A sleazy sexploitation film masquerading as a feminist-message picture, against their will: Women In Prison (ABC, Oct. 30, 9-11 p.m.) lets Who's the Boss' Judith Light draw on her melodramatic One Life to Live training to play an ex-con mom who gets sent back to the big house — for a crime she didn't commit, natch. Only this time Light discovers, as one of her jailbird pals (Midnight Caller's Kay Lenz) indelicately puts it, that ''the staff has turned this place into a giant orgy.'' With the assistance of an impossibly sensitive attorney (Stacy Keach, who knows a thing or two about hard time from his 1984 cocaine rap), Light blows the whistle on her brutal keepers.
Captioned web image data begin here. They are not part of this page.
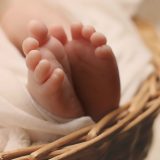 Zašto se bebe ne smeju odmah po rođenju? 14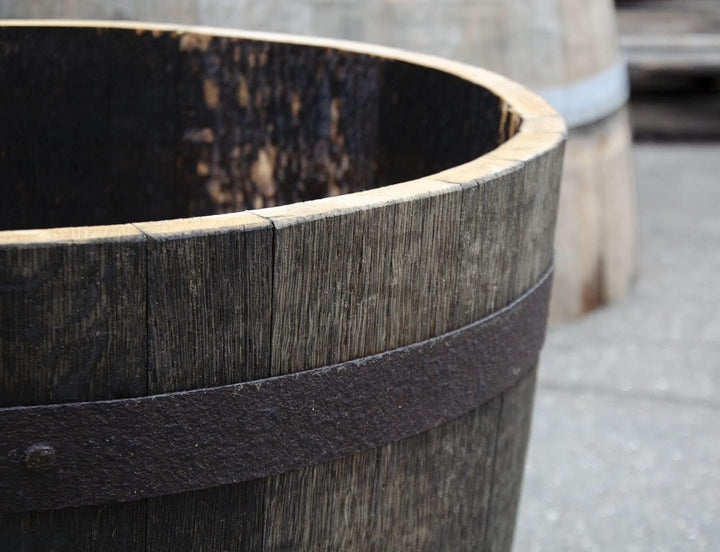 Temesso Halbes Fass aus einem originalen schottischen Whiskyfass (Oberfläche geölt)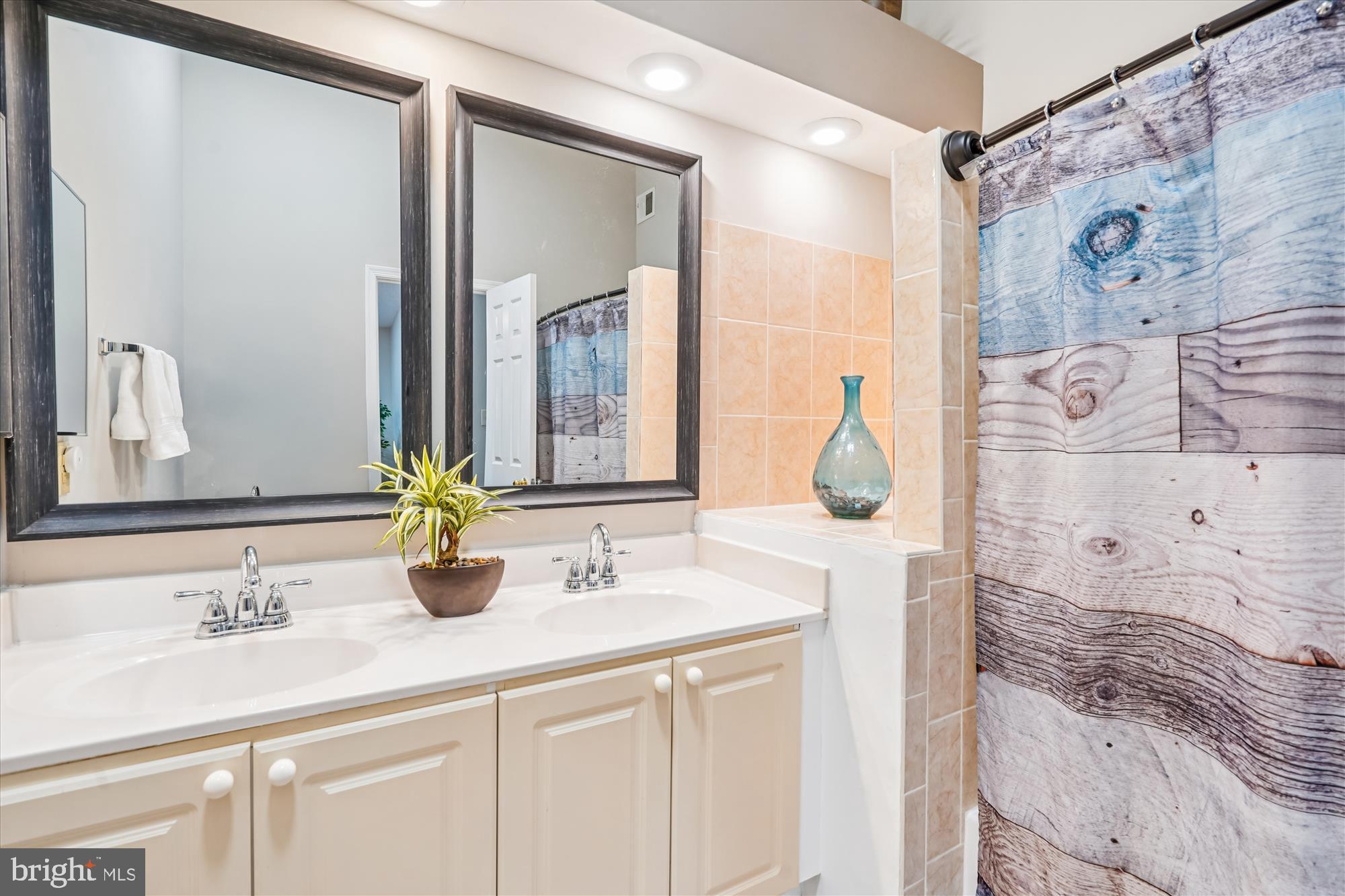 14423 GLENCREST CIRCLE 123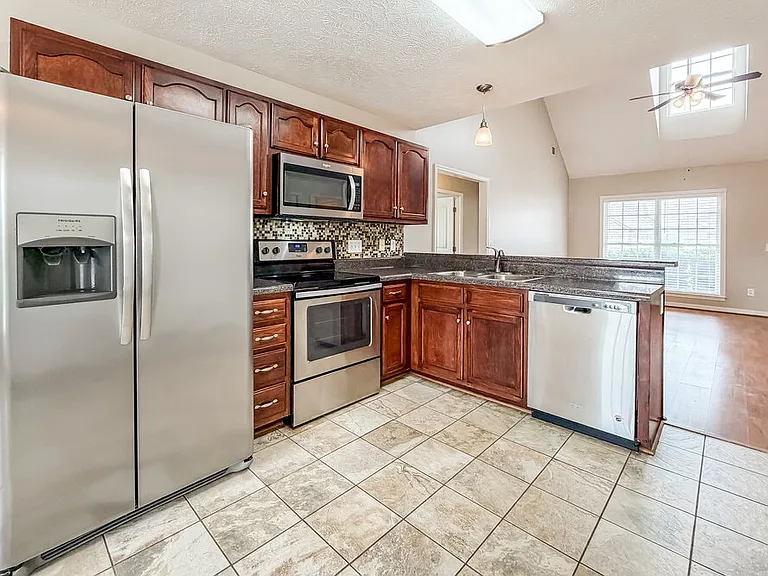 3360 Cornerstone Dr — Photo 9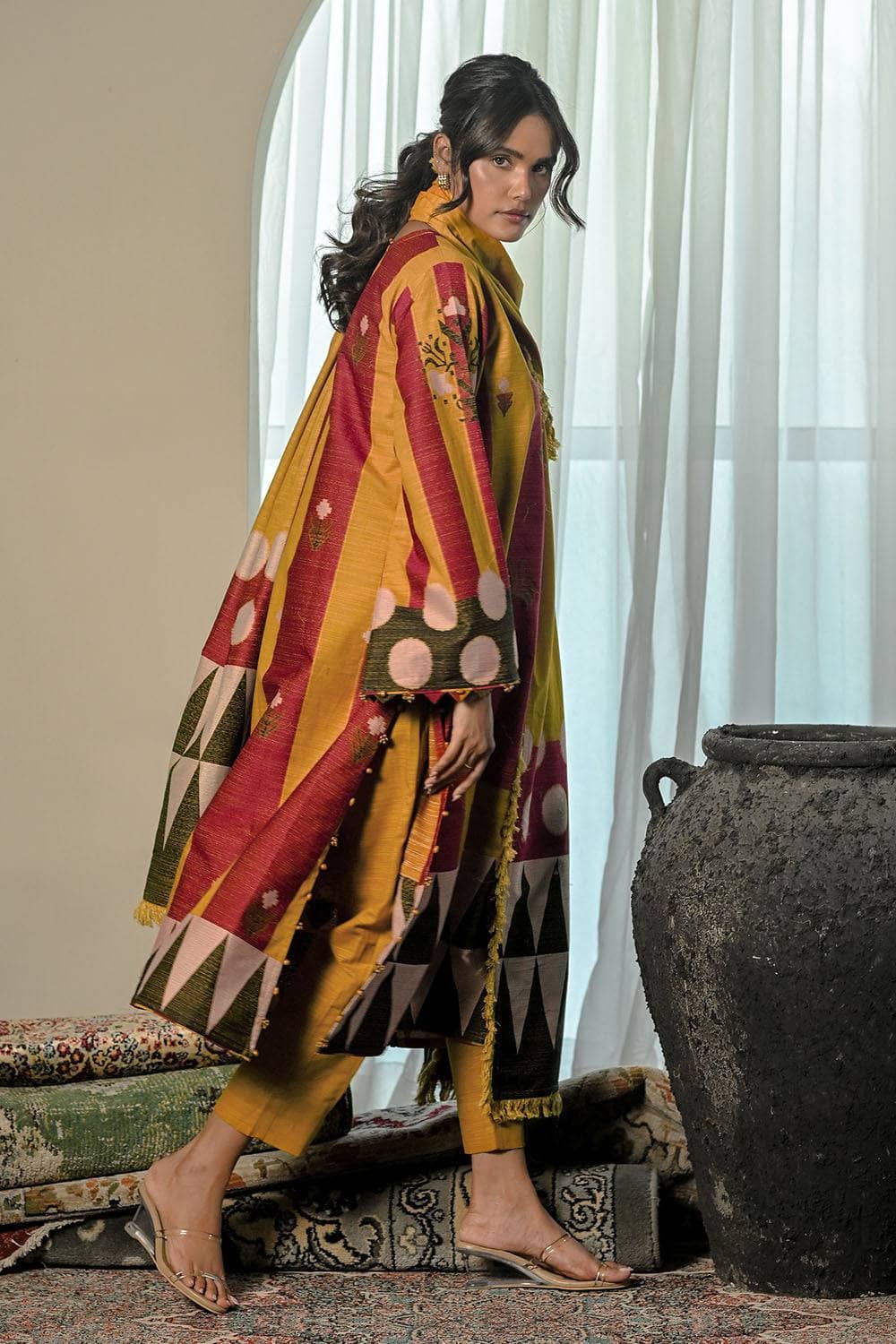 Gul Ahmed  Naqsh Winter/MJ -62031/Jacquard Suit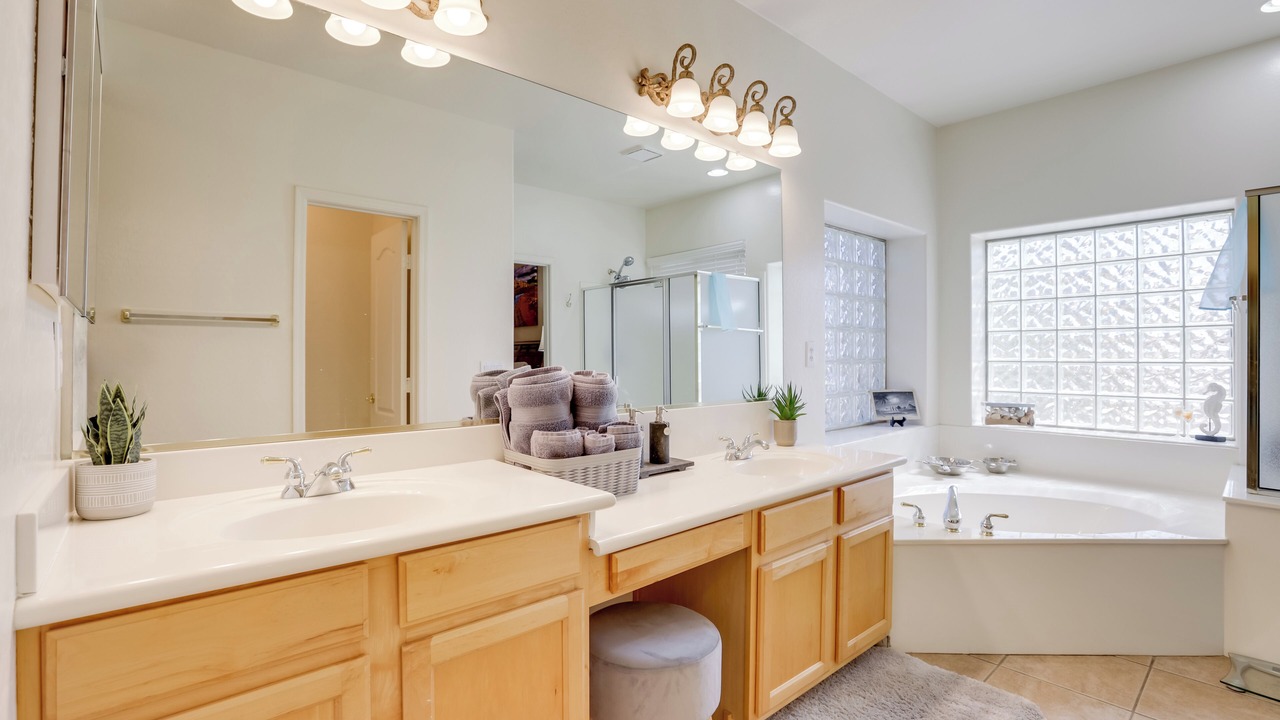 Photo of Bathroom in Canyon Trails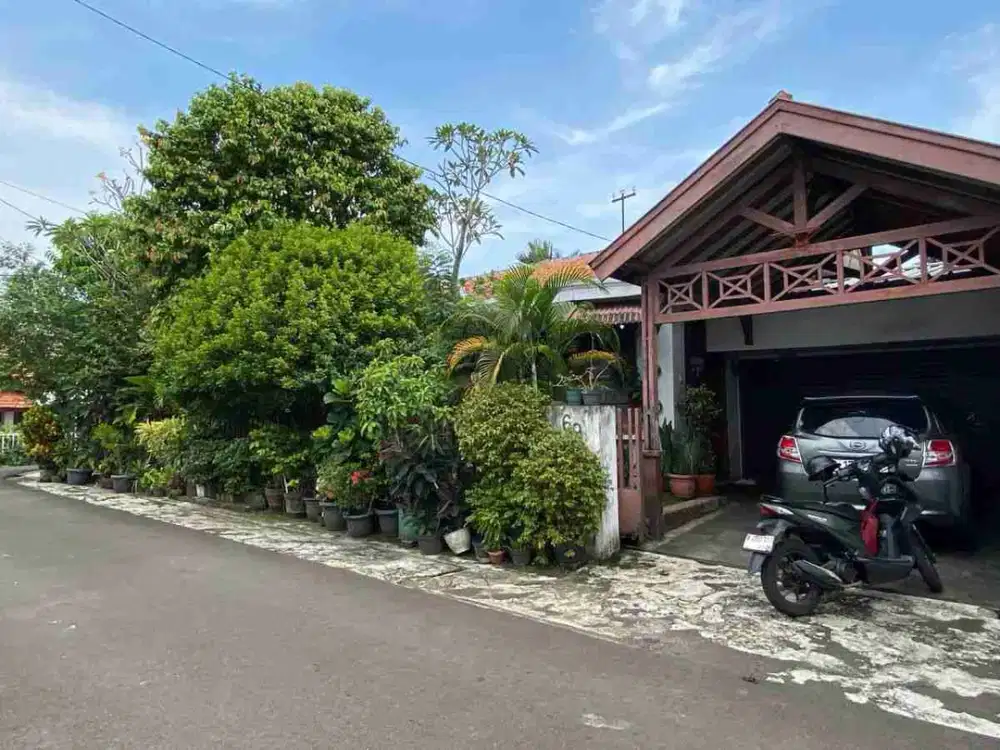 Rumah nyaman lokasi strategis di batas Jaksel Ciputat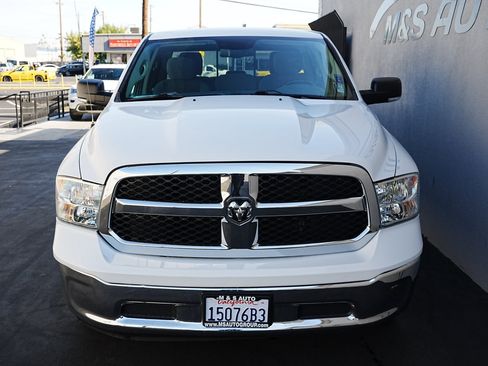 Used 2019 RAM 1500 Classic SLT w/ Luxury Group image 2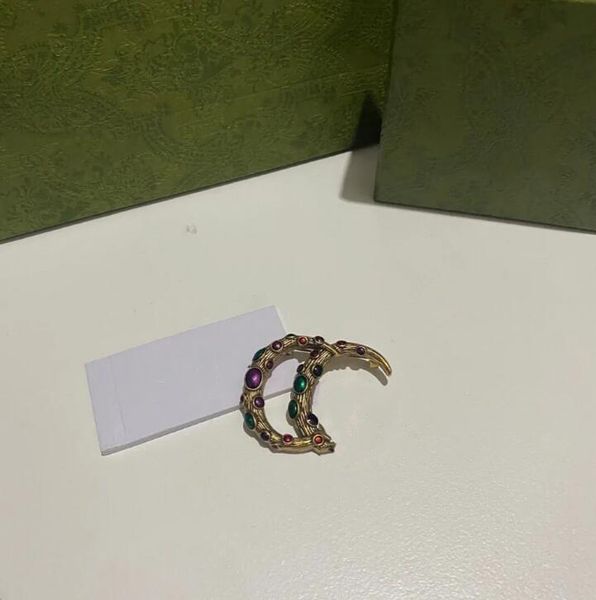 designer fashion charm brooch designer diamond letter brooches pin women european and american jewelry clothing decoration with box, Gray
designer fashion charm brooch designer diamond letter brooches pin women european and american jewelry clothing decoration with box, Gray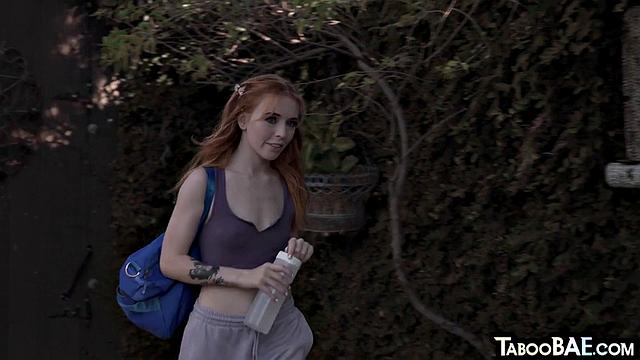 Cute 21yo petite gets pussypounded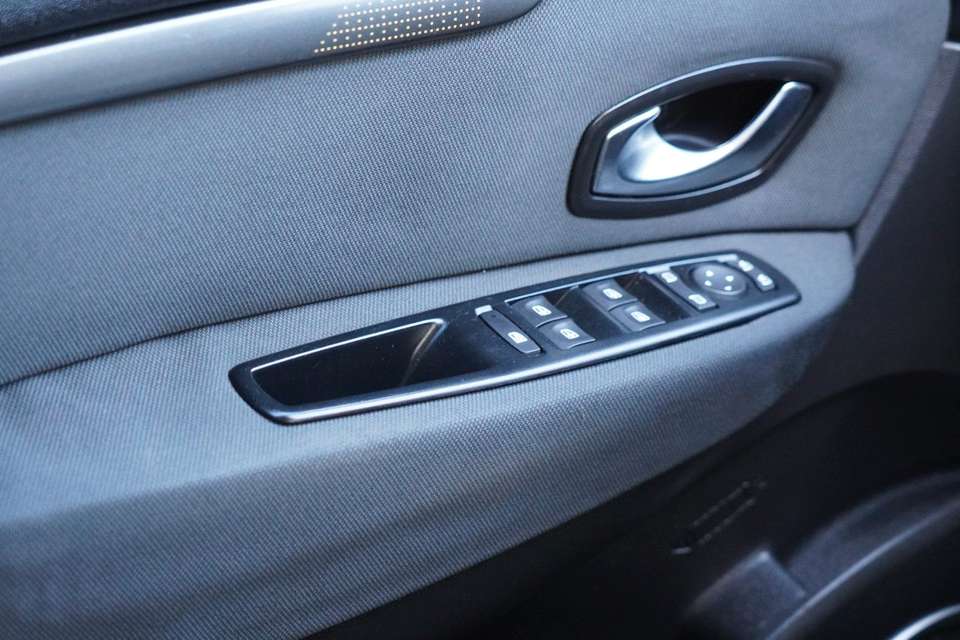 Renault Scenic - Imagem 13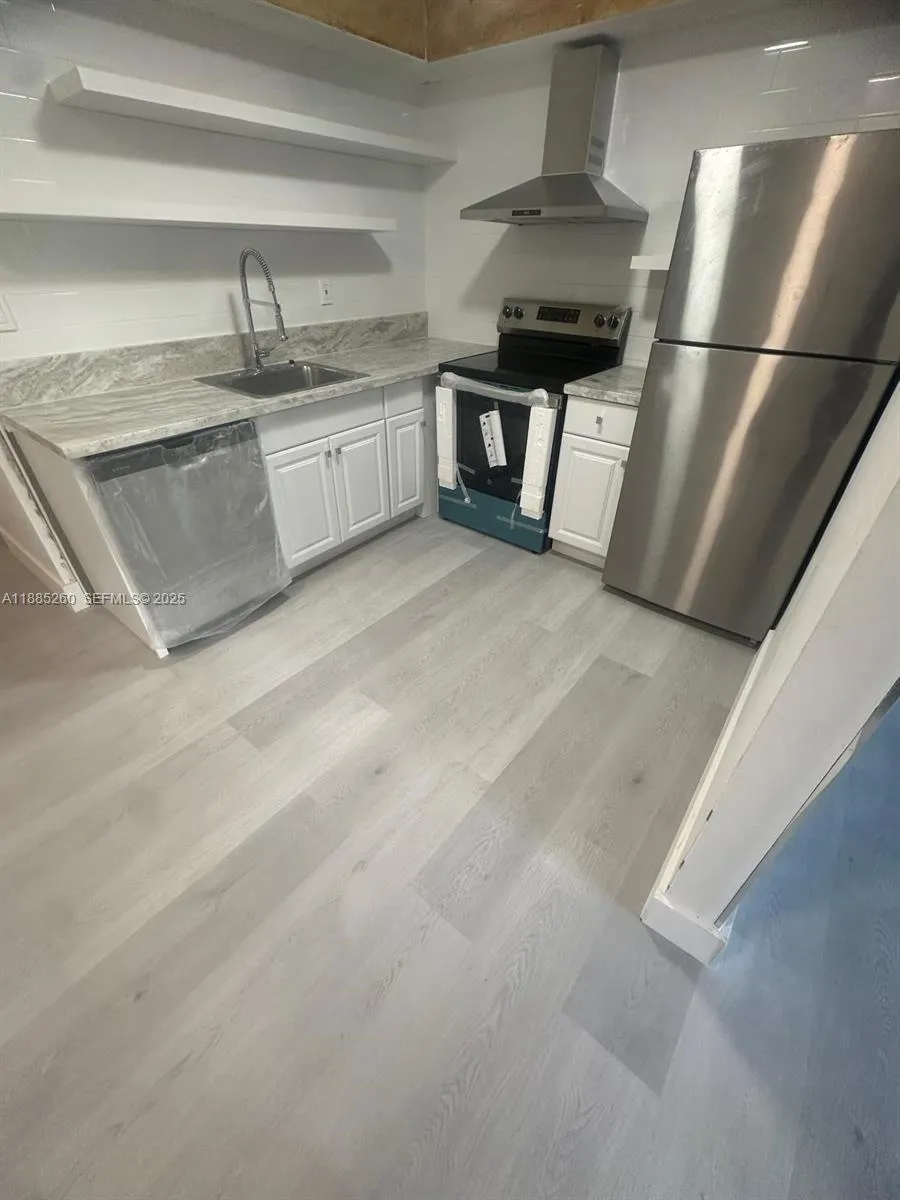 Foto de propiedad en 1120 102nd Street 15, Bay Harbor Islands, FL 33154 Bay Harbor Islands con MLS# 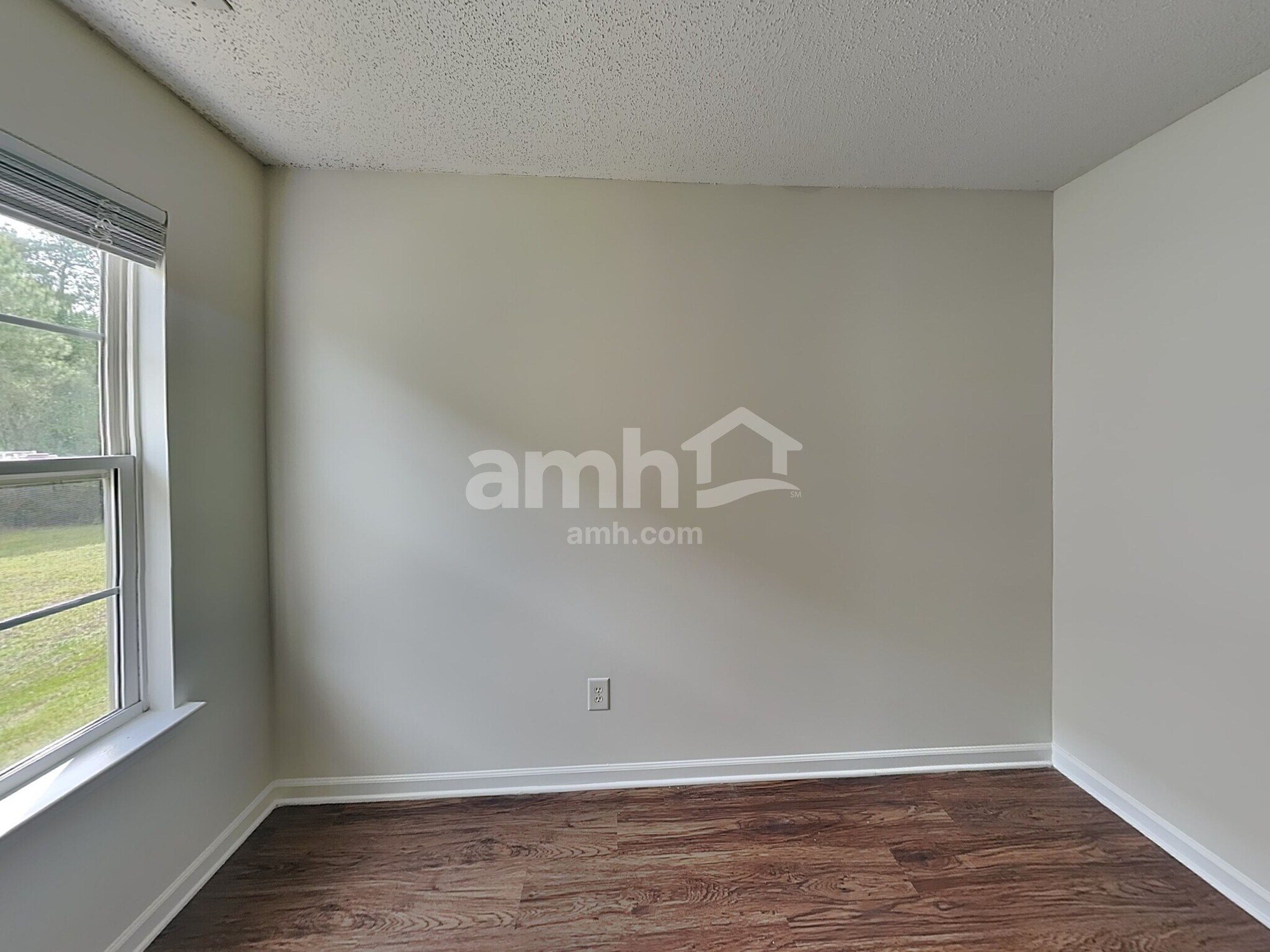 Building Photo - 15115 De Havilland Dr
Hey, I like a good chicks-in-chains flick as much as the next guy, but there are two key elements missing from Against Their Will: (1) nudity and (2) Linda Blair.

Music

The Eagles (see page 82) aren't the only old-fogey rockers with a new cable special. Mick, Keith, and company field questions from an unseen Kurt Loder in Conversations with the Rolling Stones (VH-1, Oct. 27, 10-10:30 p.m.). They don't say anything interesting, and they're heard rehearsing only three lackluster songs from their new album, Voodoo Lounge, but let's look on the bright side: Unlike the Stones' recent appearance on MTV's evil infomercial show, The Goods, the interviews aren't interrupted by a pseudocool announcer hawking tacky T-shirts and tour jackets. And unlike in Gimme Shelter, the 1969 concert film that precedes Conversations on VH-1 at 8 p.m. (and was also codirected by Albert Maysles), no one was slain during the making of this film.